Minimum allowed coverage is 85%

Generated by 🐒 cobertura-action against f20fb66

danswick · 2023-11-02T17:24:20Z

Some questions that came up during cowork:

Is there any additional risk to doing this scan from inside the Django app? If a potentially risky file exists, aren't we guaranteeing that it touches the app by scanning every file?
How should we handle inevitable ClamAV timeouts?
Once we start getting a lot more audits, ~how much compute/memory/etc are we going to need? If it takes 1 second to scan a file (which is likely a vast underestimate), and there are 2.5 million seconds in a month, we would outgrow a "monthly scan" cadence once we hit 2.5 million media files in S3 (which includes ~500k historic PDF files).
- Maybe we need to consider purging workbook files either annually or when a submission is complete.
What would ingress/egress costs look like to scan every file?
Could scanning files on the way out, every time, address the threat vector in question?
Could we just scan any time ClamAV or its definitions are updated? Would this qualify as a "periodic" scan?

jadudm · 2023-11-03T03:57:05Z

Q: Is there any additional risk to doing this scan from inside the Django app? If a potentially risky file exists, aren't we guaranteeing that it touches the app by scanning every file?
A: I'm not sure what tooling would be "safer" to load a file and pass it to ClamAV via HTTPS POST. No matter how you slice it, the file has to pass through RAM on its way to the "remote" ClamAV instance.
A: No matter what, some code has to touch the production bucket to read the files and pass them to Clam.
A: This would run as an action, so it wouldn't exactly be running in the same space as the app. But, it has to touch our data.
A: I may be missing something here.

Q: How should we handle inevitable ClamAV timeouts?
A: It's a failed scan. Either we add a backoff and retry, or we call the file "no good" and quarantine it?
A: If the conn doesn't timeout naturally, we need to add a timeout.
A: This was a first step. We need something that can run and log, and that we can catch in NR. A documented mitigation plan, for the moment, would suffice.

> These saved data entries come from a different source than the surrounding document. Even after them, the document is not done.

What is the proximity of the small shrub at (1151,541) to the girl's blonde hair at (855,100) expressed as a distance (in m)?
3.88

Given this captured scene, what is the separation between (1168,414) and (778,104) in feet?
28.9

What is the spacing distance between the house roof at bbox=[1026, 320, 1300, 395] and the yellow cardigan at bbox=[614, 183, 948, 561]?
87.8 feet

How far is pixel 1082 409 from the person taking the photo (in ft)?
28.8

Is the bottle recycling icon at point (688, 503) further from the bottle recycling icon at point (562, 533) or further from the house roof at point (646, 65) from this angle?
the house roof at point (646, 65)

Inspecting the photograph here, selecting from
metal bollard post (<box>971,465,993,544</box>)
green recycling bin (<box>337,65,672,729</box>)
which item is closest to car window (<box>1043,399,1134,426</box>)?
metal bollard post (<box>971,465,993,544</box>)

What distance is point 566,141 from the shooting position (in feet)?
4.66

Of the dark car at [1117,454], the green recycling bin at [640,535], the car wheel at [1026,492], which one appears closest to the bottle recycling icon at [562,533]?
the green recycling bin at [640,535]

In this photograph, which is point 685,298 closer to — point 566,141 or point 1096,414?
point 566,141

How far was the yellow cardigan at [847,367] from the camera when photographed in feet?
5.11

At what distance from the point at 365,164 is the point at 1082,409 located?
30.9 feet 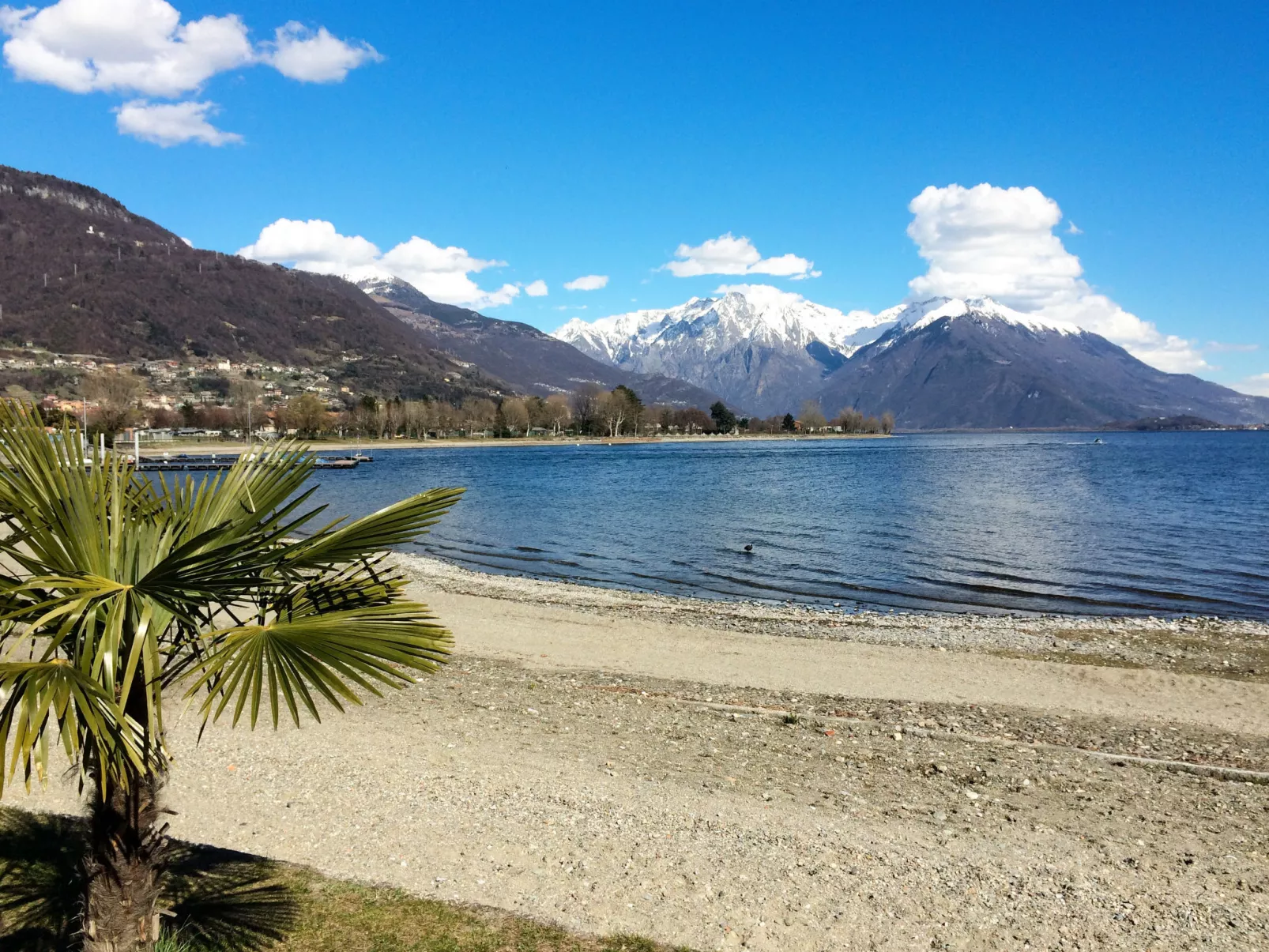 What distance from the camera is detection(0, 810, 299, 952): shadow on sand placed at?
579 centimetres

Q: Once we start getting a lot more audits, ~how much compute/memory/etc are we going to need? If it takes 1 second to scan a file (which is likely a vast underestimate), and there are 2.5 million seconds in a month, we would outgrow a "monthly scan" cadence once we hit 2.5 million media files in S3 (which includes ~500k historic PDF files).
A: Hm.

(define pdfs 700000)
(define xlsx (* pdfs 4))
(define files (+ pdfs xlsx))
(define time-per-file 4)
(define total-time (* files time-per-file))
(define hours (/ (/ total-time 60) 60))
(define days (/ hours 24))
(define months (/ days 30))

gives me about ~5 months.

A1: We can do that twice a year!
A2: I have no idea how we address this.

Q: Maybe we need to consider purging workbook files either annually or when a submission is complete.
A: Or, monthly.
A: Or, zip them all every month, so there's only one file to scan per month.
A: Or, can we scan our backups? Those are compressed. Would that work? But, I have no idea how large a file you can pass to ClamAV... oh. Around 4GB. So... perhaps we create 2GB zips, and scan those?
A: Or, yep.

Q: What would ingress/egress costs look like to scan every file?
A: $0? Ingress/egress is to/from the internet? So, I think this would be S3 to our app, both of which are within the same GovCloud region. If this is true, then I think there is no ingress/egress between the app (running as an action) and the S3 storage.
A: We would want to check with cloud.gov.

Q: Could scanning files on the way out, every time, address the threat vector in question?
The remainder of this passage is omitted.